**Instructions to follow**
Everything from the line containing "Tragbar Bluetooth Lautsprecher" through the line containing "Panitia PORSEKA Pondok" should be repeated exactly, and nothing else from the data.

**Entries supplied**

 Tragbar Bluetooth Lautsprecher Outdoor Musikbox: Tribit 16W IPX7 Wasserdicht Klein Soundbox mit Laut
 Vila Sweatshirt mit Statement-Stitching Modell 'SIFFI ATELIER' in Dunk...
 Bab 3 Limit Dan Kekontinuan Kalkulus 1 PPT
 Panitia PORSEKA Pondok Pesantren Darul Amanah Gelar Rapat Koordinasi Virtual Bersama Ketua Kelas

* * *

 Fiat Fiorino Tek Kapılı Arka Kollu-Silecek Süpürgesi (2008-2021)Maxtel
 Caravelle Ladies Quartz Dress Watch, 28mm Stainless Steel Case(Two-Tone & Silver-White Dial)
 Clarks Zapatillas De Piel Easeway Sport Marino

---

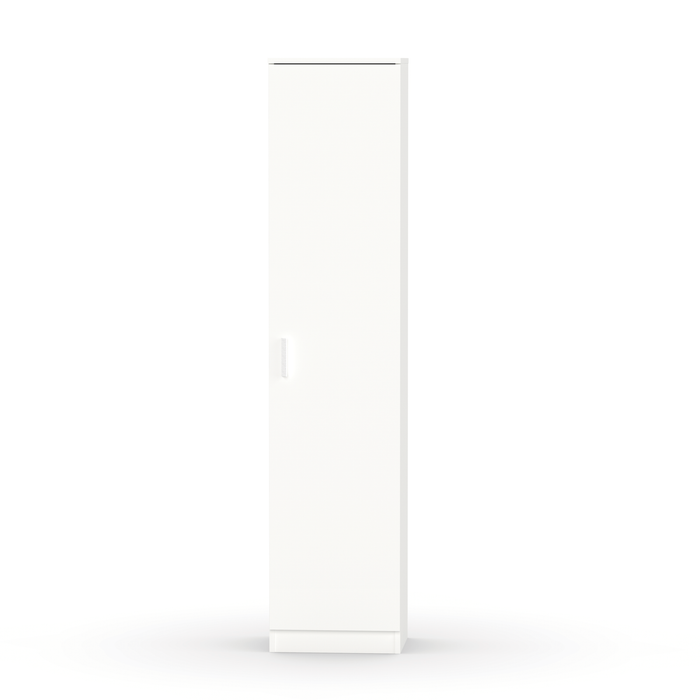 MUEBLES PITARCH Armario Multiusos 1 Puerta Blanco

**Result of this task**
 Tragbar Bluetooth Lautsprecher Outdoor Musikbox: Tribit 16W IPX7 Wasserdicht Klein Soundbox mit Laut
 Vila Sweatshirt mit Statement-Stitching Modell 'SIFFI ATELIER' in Dunk...
 Bab 3 Limit Dan Kekontinuan Kalkulus 1 PPT
 Panitia PORSEKA Pondok Pesantren Darul Amanah Gelar Rapat Koordinasi Virtual Bersama Ketua Kelas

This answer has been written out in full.